We start to project our own conceptual structures onto the world, seeing "objects" in a utilitarian light, rather than as living entities.

As a corollary to this, in one study, it was found that:

"subjects had one or other hemisphere suppressed, and those with their left hemisphere suppressed were ‘like young children or representatives of archaic societies."

degruyter.com/document/doi/1…

The world is disenchanted & devoid of sacred qualities because we've created an industrial society that molds and shapes our attention to suit the needs of capital

Our attention is responsive to the world, so when everything is turned into a machine, we are molded into cogs.

As Ludwig Klages writes, "for the man of today the world agrees so perfectly with the actuality with which he is familiar that he cannot immediately understand why there was an abyss between the original world and spirit."

We only catch glimpses of the original world in dreams:

In Iain McGilChrist's book, the Master and His Emissary, he hypothesizes that western civilization, ever since the time of the Greeks, has gradually started utilizing the left hemisphere more to understand the world.

This has enabled us to master nature but at a spiritual cost.

As a consequence of the preferential utilizatization of the left hemisphere, we've grown to project our egos onto the world

As Klages said, almost all philosophies comprehend the prime cause of the world-content by an analogy of the ego - an unmoved mover, will, absolute, God.

As Nietzsche knew, this all began with Socrates.

As Joseph D. Pryce writes, "Socratic rationalism also gave rise to ethical schemes that were alien to life, being based upon a de-natured creature, as in the idea of man-as-such.”

Man has now lost sight of the stream of life that flows through all things.

The Pelasgians, those ancient people who inhabited the islands and seacoasts of the Mediterranean during the neolithic and bronze age, lived in a completely different world from us - they felt the stream

Klages said that these people were vibrant, healthy, and physically beautiful, in touch with the gods and with nature.

The history of consciousness started with this group of men and women, and has gradually evolved overtime into a different vision of the cosmos.

According to Klages, "the development of human consciousness, from life, to thought, to will, reveals itself in the three-stage evolution from prehistoric man (the Pelasgian), through the Promethean (down to the Renaissance), to the Heraclitean man (where we are now)."

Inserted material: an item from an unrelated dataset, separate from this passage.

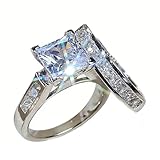HUUGVBCO 2 PCS Platinum Plated 925 Sterling Silver Square Zirconia Cushion Halo Shiny CZ Crystal Diamond Engagement Wedding Rings Set for Women(6)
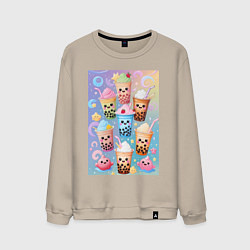 Мужской свитшот Улыбающиеся яркие разноцветные стаканчики с bubble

Our ancestral consciousness may be imprisoned by the lifeless world we now inhabit, but it is still possible to open the doors of perception, to revive that child-like wonder that we've forgotten.

Eternal consciousness can always refract itself through the brain.

As Percey Shelly writes:

"The One remains, the many change and pass;
Heaven's light forever shines, Earth's shadows fly;
Life, like a dome of many-colored glass,
Stains the white radiance of Eternity."

Just as the potential of the white light is actualized by the dome, your consciousness, throughout your life, is brought into being and shaped, as it were, by your brain.

The tension between matter and mind that gives rise to you began even before you were born.

Your brain is created by the pairing away of neurons on a colossal scale even before birth; it develops through the continual pruning of synapses over a lifetime.

Matter canalizes consciousness, sculpting a human being with self-awareness out of nature's primordial soup.

As a species, we have forgotten about the cosmic unity from which we arose.

We've all separated from nature, from each other, like ripples from a blade.

But this separation is divine, it is 'you'.

As Goethe writes, "life is not light, but the refracted color."